→ **AIM OF THE EXERCISE**
Quote the entries below from the line with "1278 Meadowbrook Drive, Canonsburg, PA" through the line with "Наводнение в Италии: премьер-министр", both ends included, and only those lines.

→ **RAW DATA**
------------------------------------------------------------

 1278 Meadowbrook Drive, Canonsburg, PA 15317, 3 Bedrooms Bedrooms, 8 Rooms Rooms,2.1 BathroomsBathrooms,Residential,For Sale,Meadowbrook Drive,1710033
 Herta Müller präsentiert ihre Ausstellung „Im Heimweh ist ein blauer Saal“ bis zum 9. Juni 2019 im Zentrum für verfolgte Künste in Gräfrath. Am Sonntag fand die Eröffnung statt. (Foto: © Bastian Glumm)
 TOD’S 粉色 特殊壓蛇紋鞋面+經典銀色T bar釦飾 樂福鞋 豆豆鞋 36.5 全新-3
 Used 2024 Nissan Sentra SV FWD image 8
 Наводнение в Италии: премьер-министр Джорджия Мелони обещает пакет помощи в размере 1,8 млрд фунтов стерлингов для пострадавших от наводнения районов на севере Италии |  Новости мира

------------------------------------------------------------

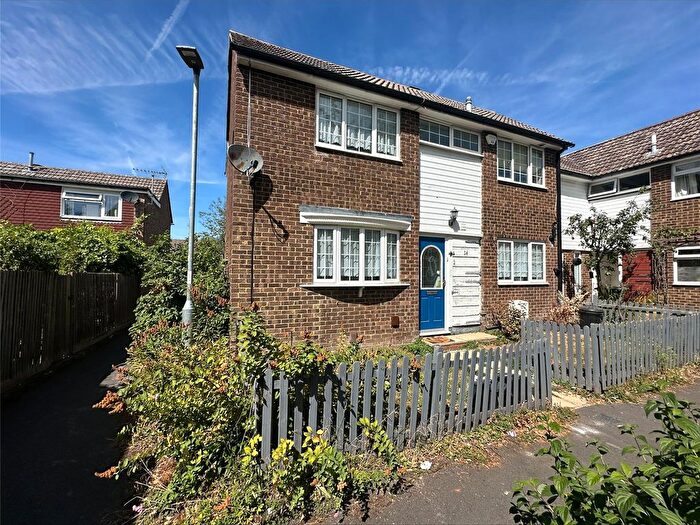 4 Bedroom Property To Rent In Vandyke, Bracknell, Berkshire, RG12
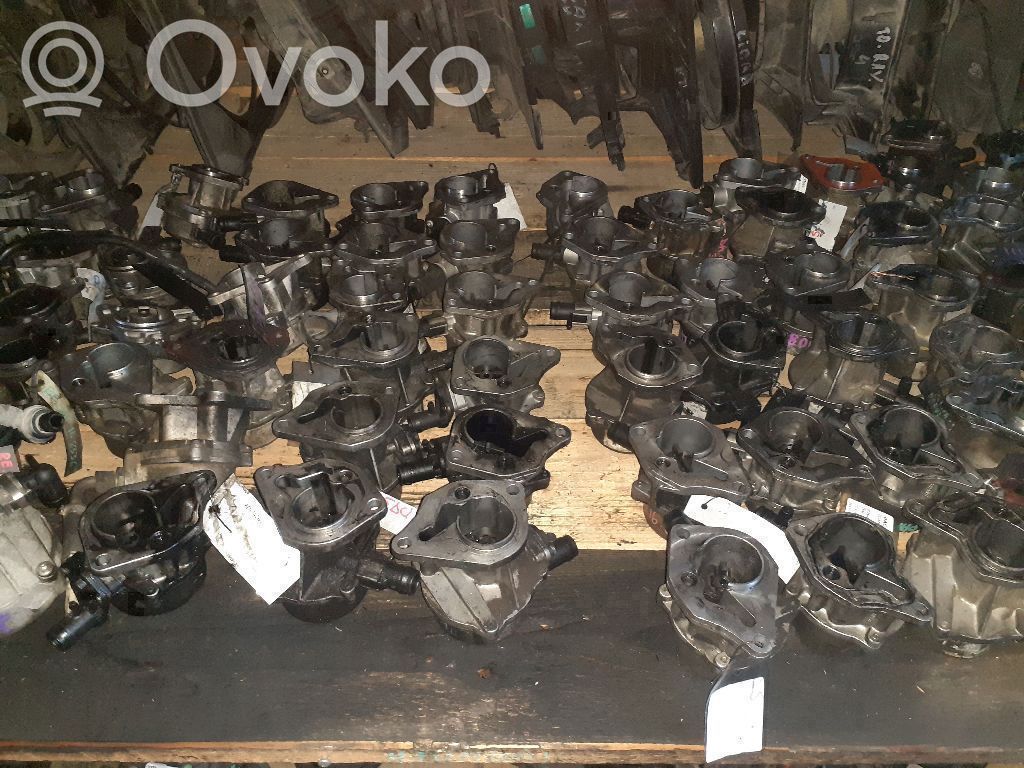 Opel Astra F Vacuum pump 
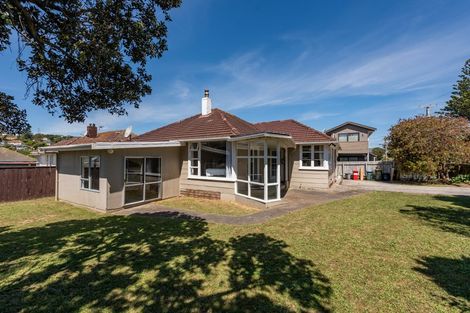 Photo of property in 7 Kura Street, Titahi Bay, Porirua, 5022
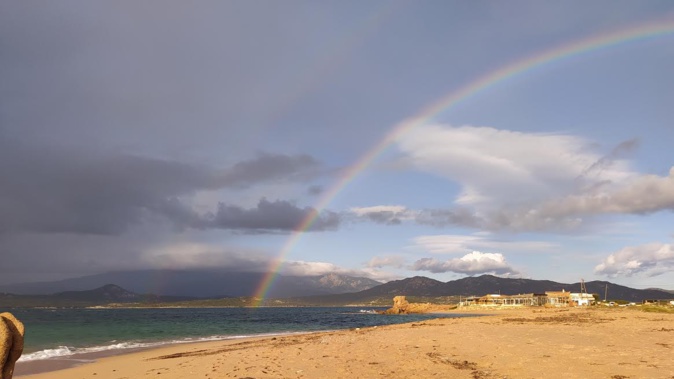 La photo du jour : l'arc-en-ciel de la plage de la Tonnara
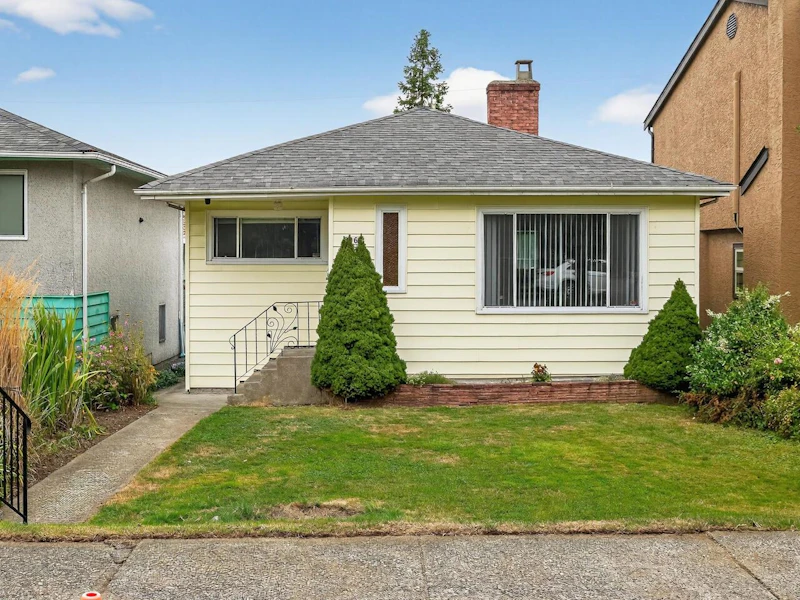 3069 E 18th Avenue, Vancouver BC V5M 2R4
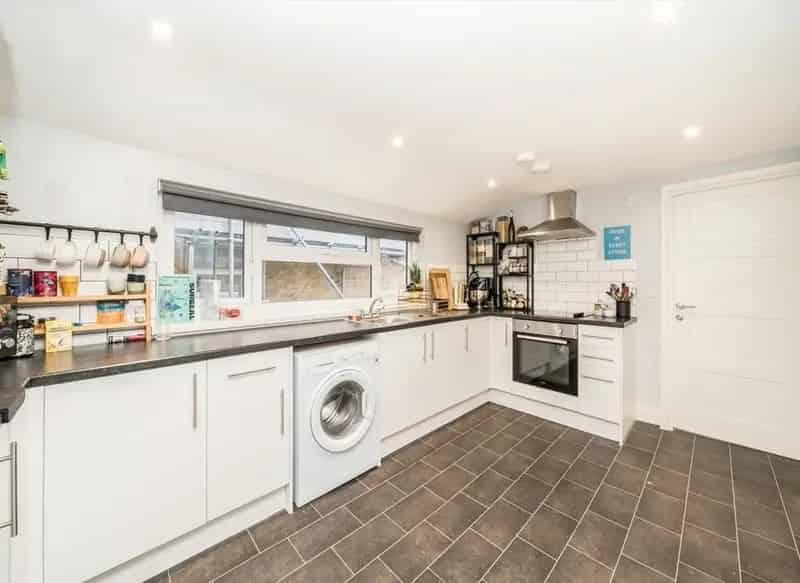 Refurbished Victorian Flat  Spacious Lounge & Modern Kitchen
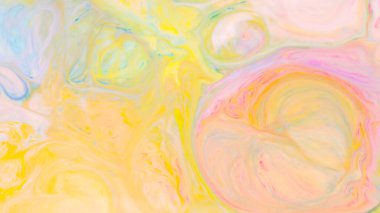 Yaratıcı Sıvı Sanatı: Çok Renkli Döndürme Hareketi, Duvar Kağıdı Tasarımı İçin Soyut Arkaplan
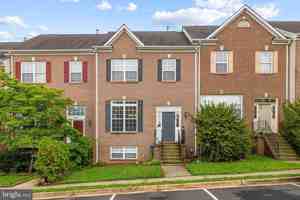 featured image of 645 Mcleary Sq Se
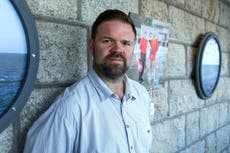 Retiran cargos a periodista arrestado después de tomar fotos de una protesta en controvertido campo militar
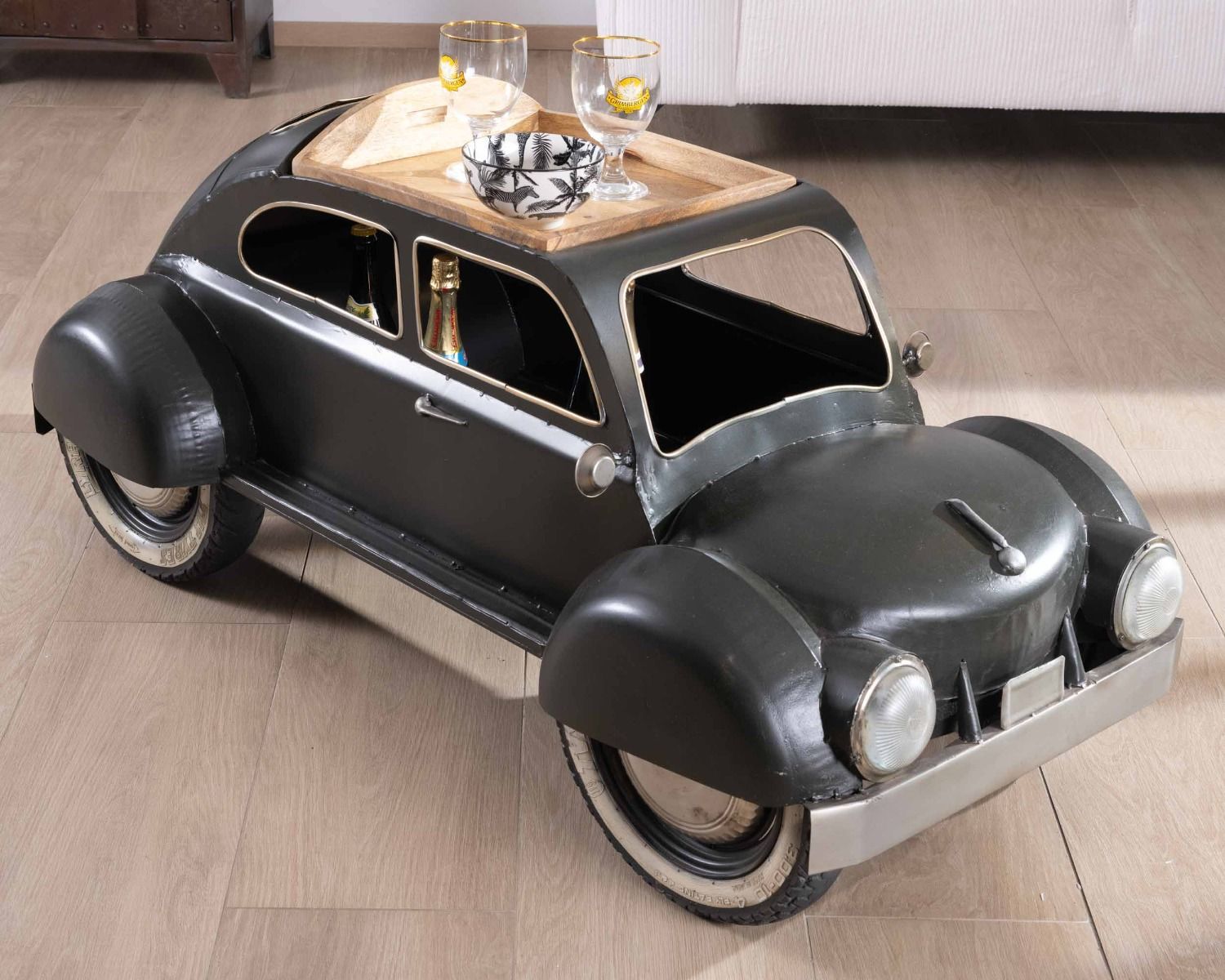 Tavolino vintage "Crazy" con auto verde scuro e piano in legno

------------------------------------------------------------

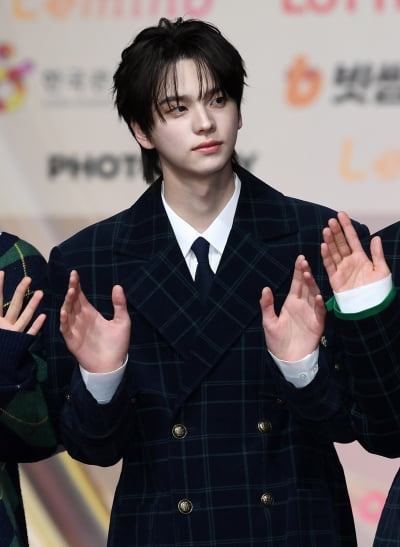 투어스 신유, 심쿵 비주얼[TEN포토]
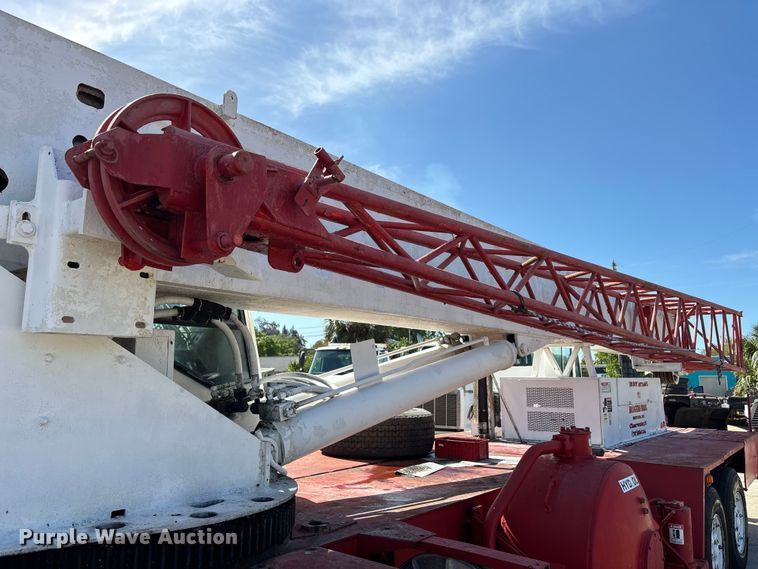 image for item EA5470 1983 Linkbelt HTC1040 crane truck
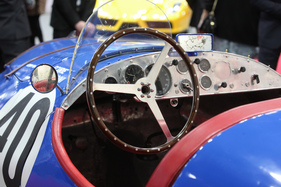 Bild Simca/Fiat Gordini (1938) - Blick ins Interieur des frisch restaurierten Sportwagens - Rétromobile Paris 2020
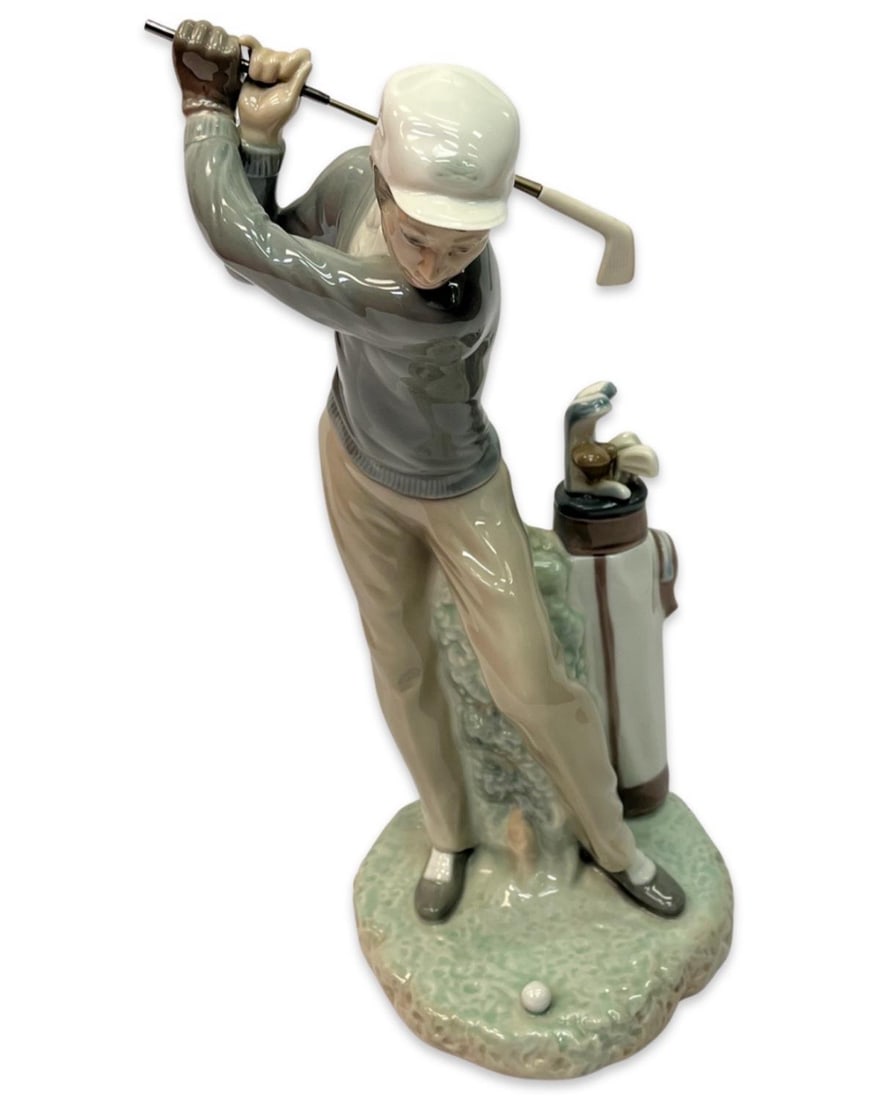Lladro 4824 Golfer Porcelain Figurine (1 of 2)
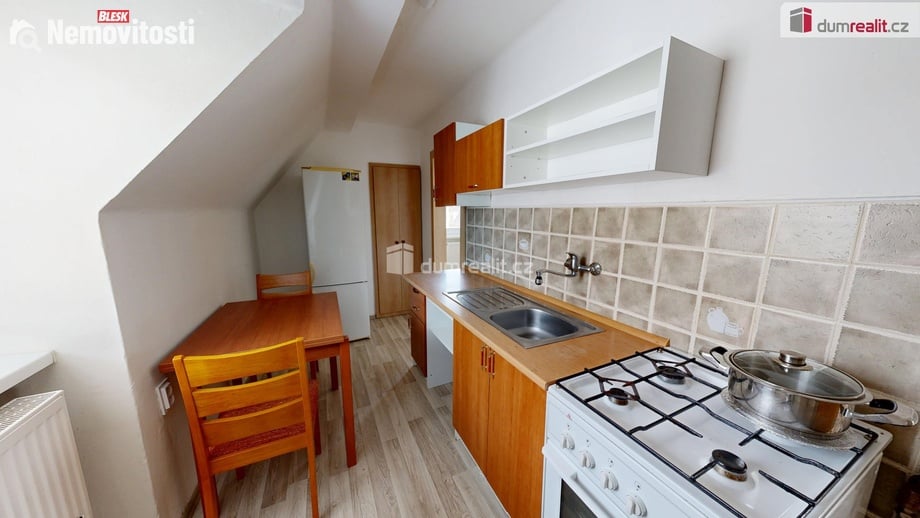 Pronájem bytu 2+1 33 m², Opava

------------------------------------------------------------

→ **WRITTEN ANSWER**
 1278 Meadowbrook Drive, Canonsburg, PA 15317, 3 Bedrooms Bedrooms, 8 Rooms Rooms,2.1 BathroomsBathrooms,Residential,For Sale,Meadowbrook Drive,1710033
 Herta Müller präsentiert ihre Ausstellung „Im Heimweh ist ein blauer Saal“ bis zum 9. Juni 2019 im Zentrum für verfolgte Künste in Gräfrath. Am Sonntag fand die Eröffnung statt. (Foto: © Bastian Glumm)
 TOD’S 粉色 特殊壓蛇紋鞋面+經典銀色T bar釦飾 樂福鞋 豆豆鞋 36.5 全新-3
 Used 2024 Nissan Sentra SV FWD image 8
 Наводнение в Италии: премьер-министр Джорджия Мелони обещает пакет помощи в размере 1,8 млрд фунтов стерлингов для пострадавших от наводнения районов на севере Италии |  Новости мира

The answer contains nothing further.